I am looking forward to moving in with my mother. It's unbelievable. My mother is a wonderful woman, but she is the person who thought I could do nothing right for the first forty years of my life. I've been able to spend a lot of time with her over the past few years (thank you, God), and I feel now we could get along, just the two of us. But it isn't just me. I'm dragging along my husband, two daughters, and our small dog, and the six of us will be piled into my mother's three bedroom condo for five or six months. And I'm the only one who is delusional enough to look forward to it.

My husband is easy to get along with, as long as he has baseball, good food, time to himself to wander around the city, and time to go to the ocean and sit in relative solitude on the beach. My older daughter is a teenager, and as far as I'm concerned she is easy to get along with...as far as teenagers go. She requires a willingness to listen to her chatter, her teen angst, and her singing (and her singing isn't bad). She has her moods, but so do we all.

My younger daughter demands dessert, movies, trips to Chuck E. Cheese, chewing gum, toys, play dates, and constant attention. What she really demands is an ocean of patience. The moment she thinks the world is not marching to her tune, she lifts up her voice and stretches out of the floor. She will be heard.

Last night, for example, I asked her to show me her watch, the watch we gave her for her ninth birthday. She yelled, "Noooo...." and ran to her room and locked the door. I stood outside and commanded her to let me in with as calm and firm a tone as I could muster.

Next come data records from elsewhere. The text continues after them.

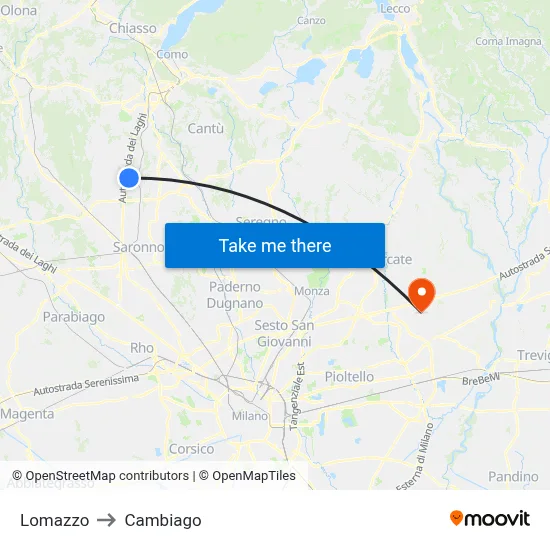 Lomazzo to Cambiago map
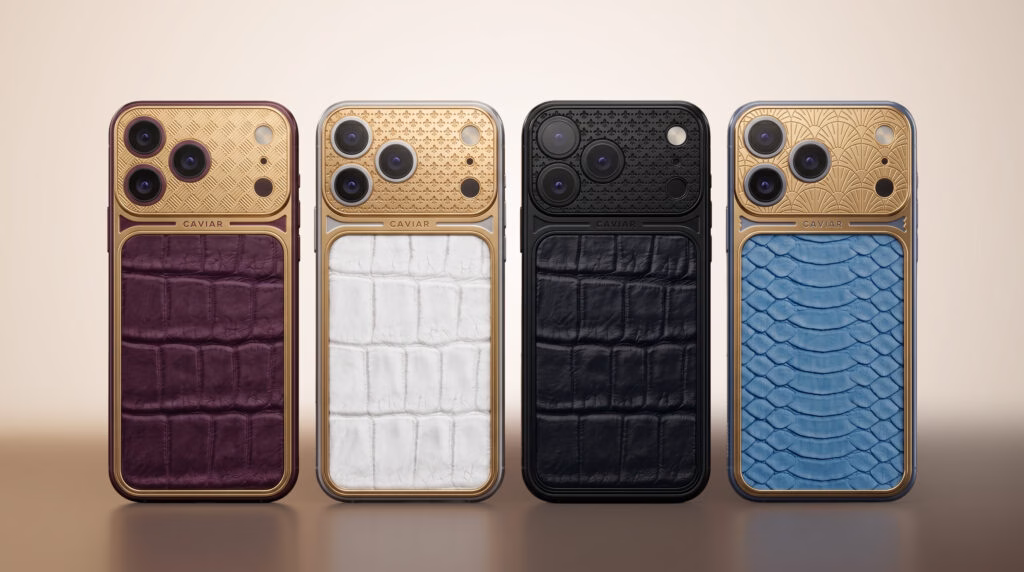 iPhone 18 Pro model Imperator dengan kulit buaya ungu dan emas 24 karat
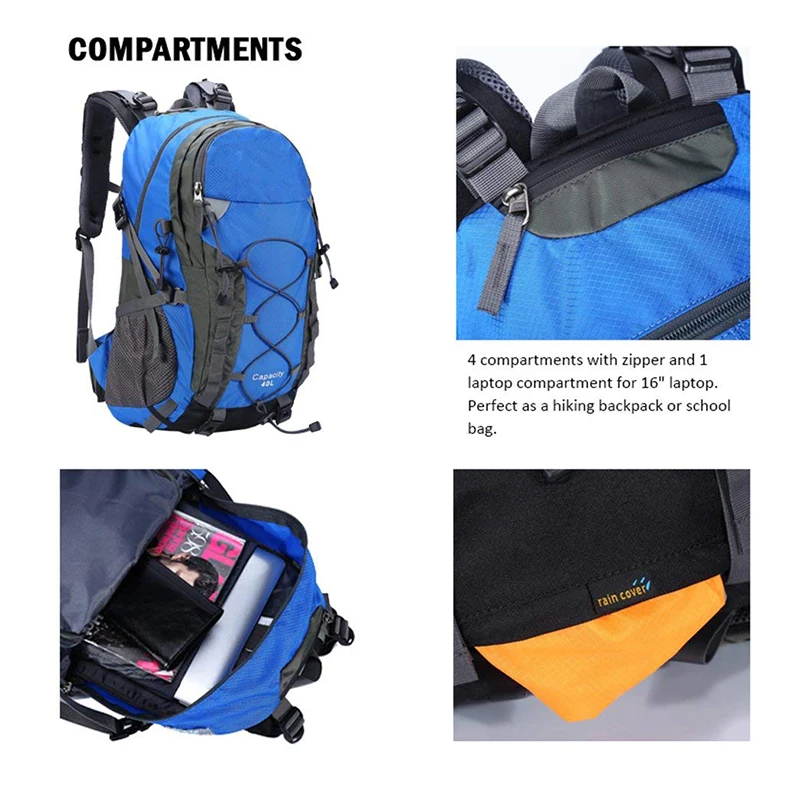 Легкий походный рюкзак 40 л для кемпинга, альпинизма, велоспорта, рыбалки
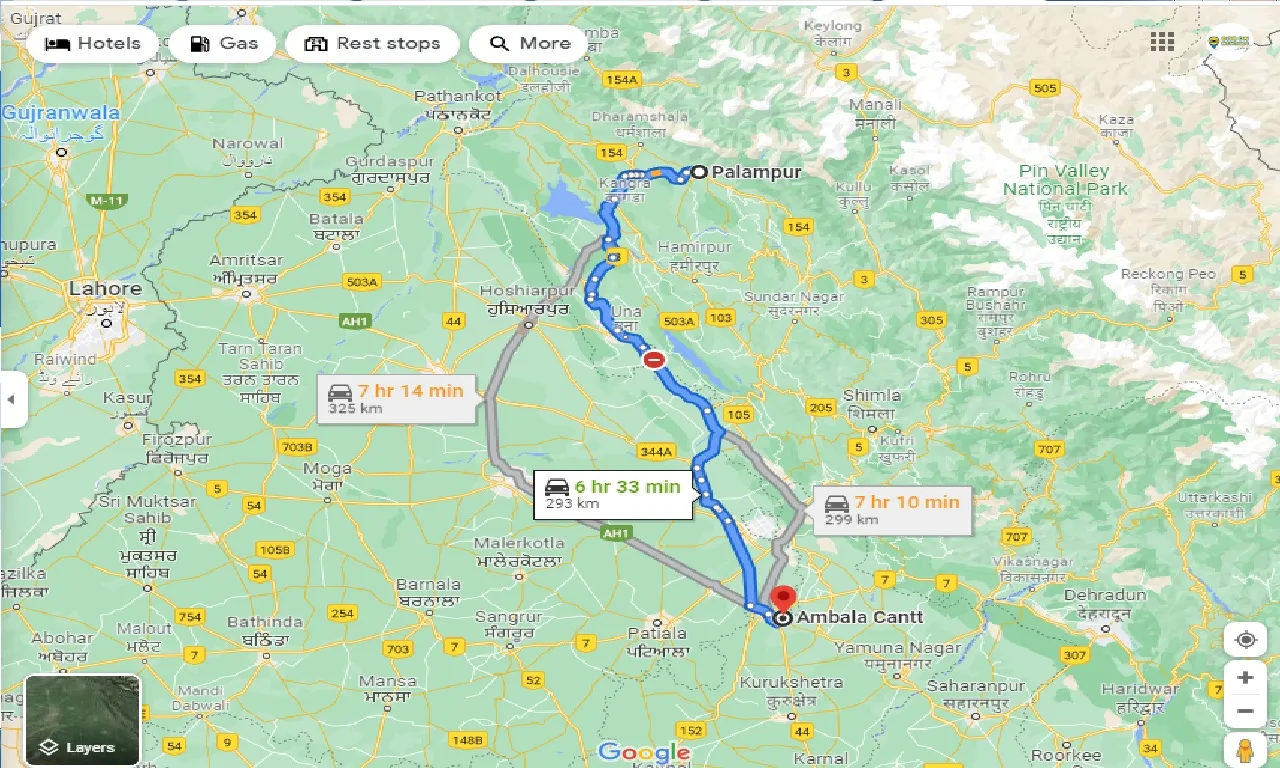 palampur-to-ambala-cantt-one-way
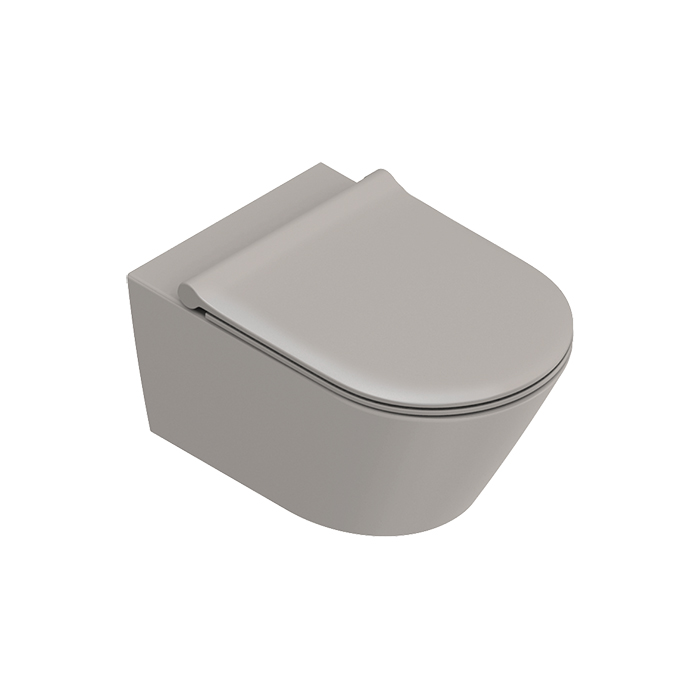 Catalano Zero Унитаз подвесной, безободковый, смыв Tornado, покрытие Twinglaze+, цвет: Tortora Satinato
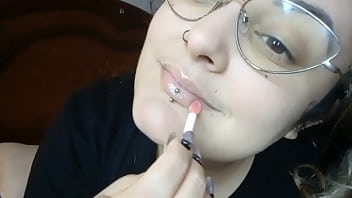 Sweet thin lips with gloss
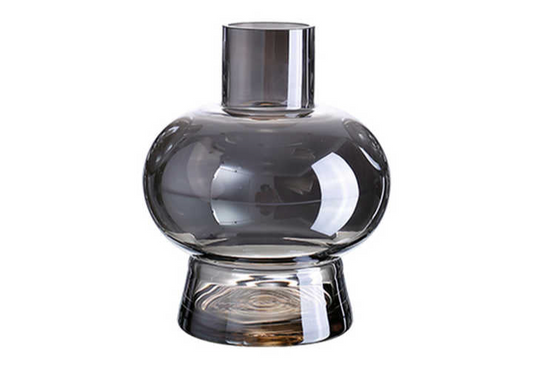 Transparent Black Glass Vase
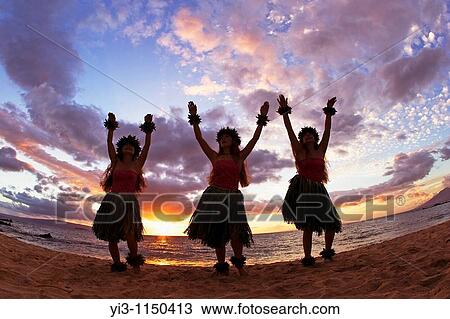 Three hula dancers at sunset at Palauea Beach, Maui, Hawaii, USA View Large Photo Image Stock Image - Three hula dancers at sunset at Palauea Beach, Maui, Hawaii, USA. Fotosearch
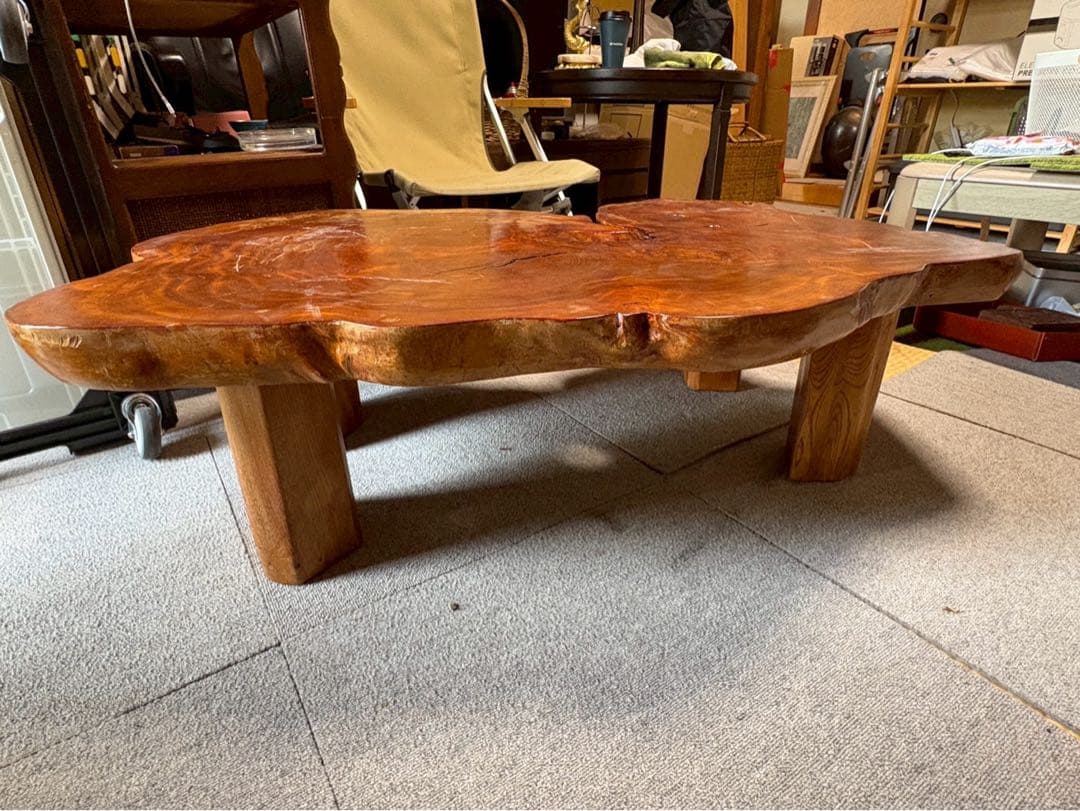 銘木 ケヤキ 一枚板 座卓 ローテーブル 無垢材 和家具 高級 幅107cm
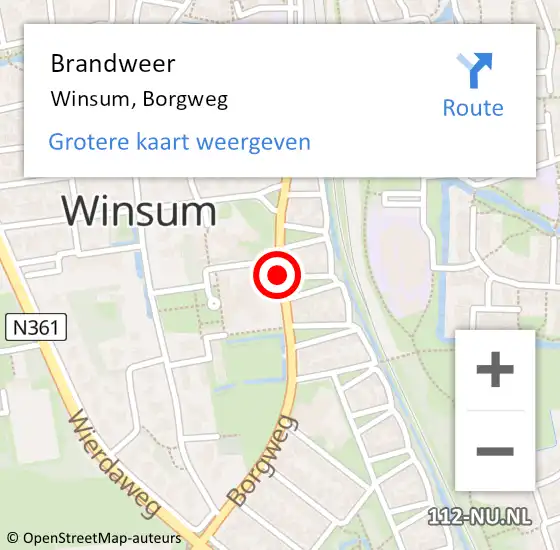 Locatie op kaart van de 112 melding: Brandweer Winsum, Borgweg op 5 juni 2018 09:08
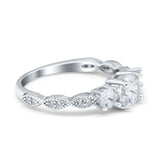 Art Deco Vintage Engagement Ring Round Simulated Cubic Zirconia 925 Sterling Silver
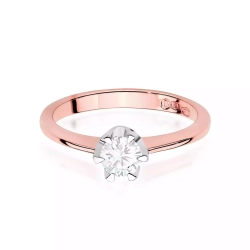 Pierścionek z różowego złota, diament laboratoryjny 0,70ct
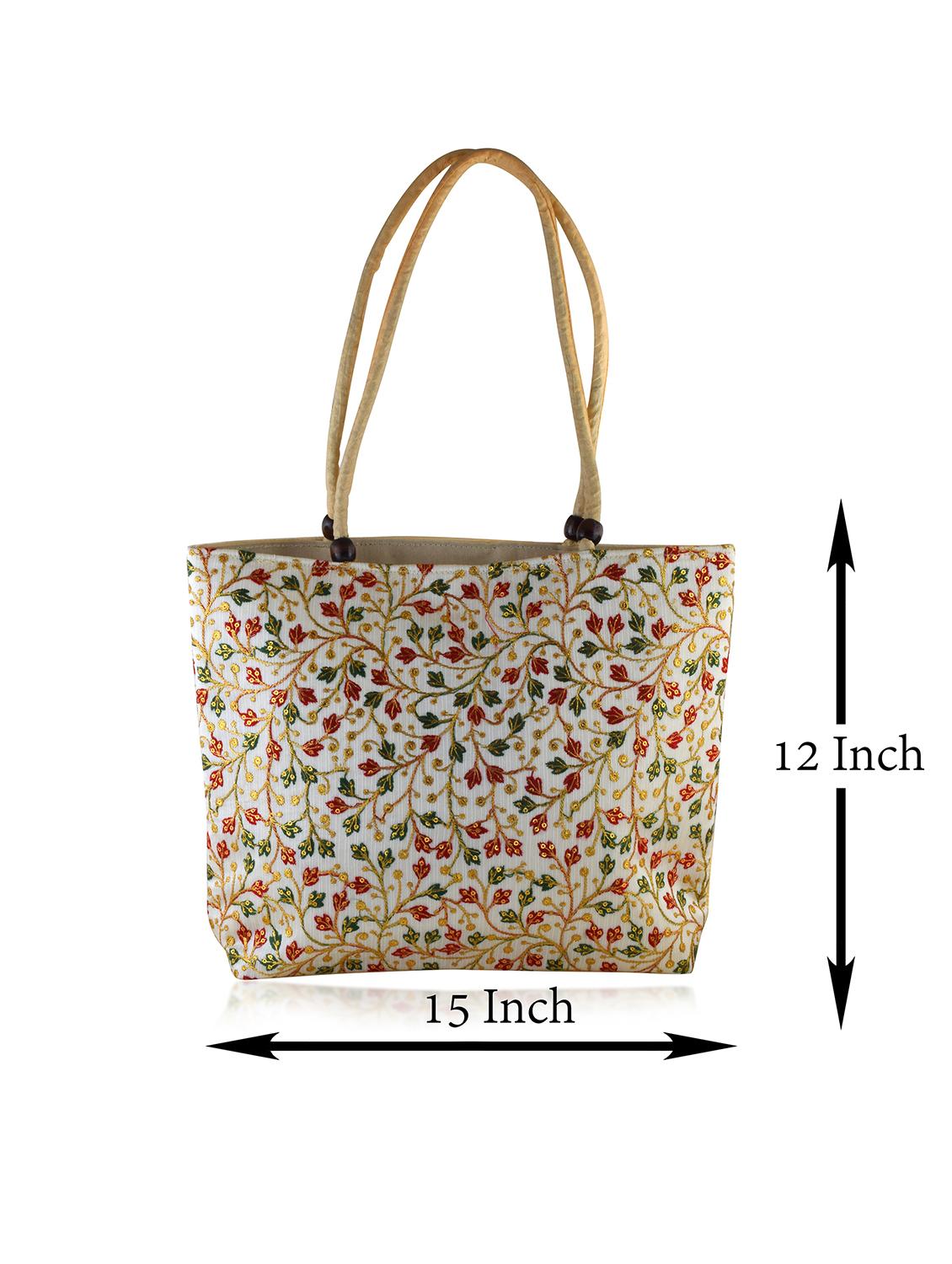 women cream embroidered handbag - 21788836 - Standard Image - 3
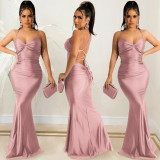 Solid color sexy suspender wrap chest open back strap tight dress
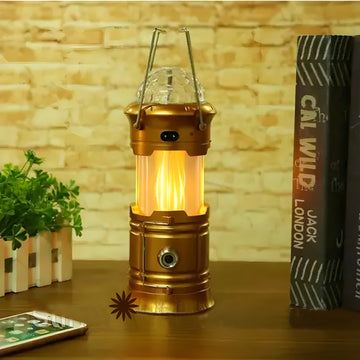 XF 5858 Magic Cool Multi Functional Rechargeable Camping Lantern With LED Stage Lighting and USB Output Flashlight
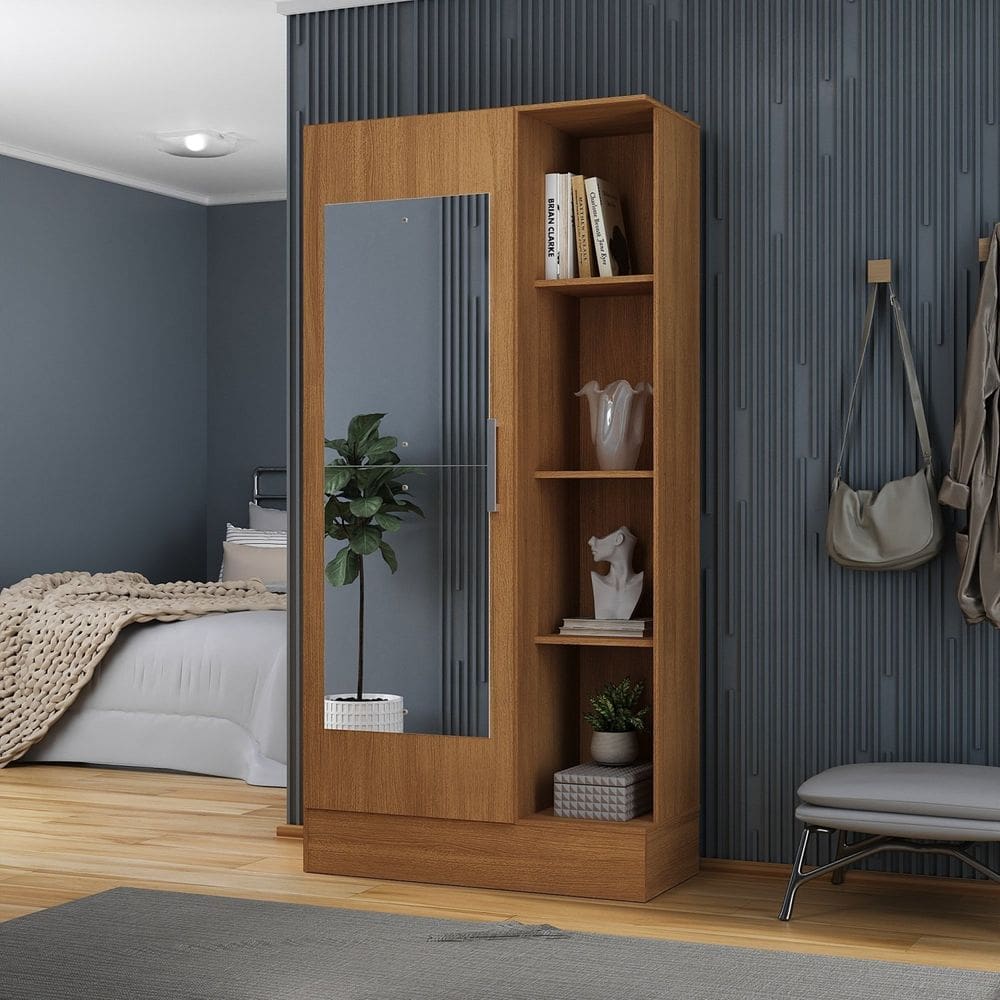 Sapateira para Quarto 1 Porta com Espelho Espresso Móveis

She cracked the door and then grudgingly stepped aside to let me enter.

"Your watch?" I held out my hand.

Witty a long suffering sigh, she thrust it at me.

"Can you set it?" I asked. "Can you pull it out of the band?"

She pulled it out and handed it to me. She had calmed down enough to watch me fiddle with the knob.

"What are you doing?" she wanted to know, as I turned the hands forward one hour.

"We're springing forward," I told her. I proceeded to show her how I set our bedroom clock radio forward. I don't know whether she got the concept, but in the end she danced away, secure in the notion that I was not going to confiscate her watch. Somehow I had gotten through the intractable moment and reached her.

My older daughter came over to me later and gave me a hug. "Do we really have to move over to Nana's?" she asked quietly in my ear. "I'm not going to any space all to myself."

I held her close. "We're going to have to work on that," I whispered back. "We're going to have to be creative."

Our small dog has started watching us apprehensively, as we sort, toss, and pack our stuff. Having had her crate and pillow washed and having suffered through a bath, she suspects some unknown, and therefore fearful, change. Deprived of a place to curl up with all her comforts in the wash, she sat wagging at my feet, a low whine rising in her throat. I let her jump in my lap and rubbed her ears while I read the paper.

After the girls had gone to bed, my husband sat swiveling thoughtfully in his office chair. "How are we all going to get along over there?" he wondered, his voice heavy with pessimism.

I leaned over, squeezed his shoulders, and didn't answer. I don't know how we are all going to get along over there. I imagine our tempers will fray and our personalities will rub uncomfortably against each other. I'm sure I will have moments of despair that those I love best will be more than I can handle. Yet I know I have some important life lessons waiting for me, and I might as well ready myself for the challenge. Delusional? Maybe. But at least I'm not running and hiding.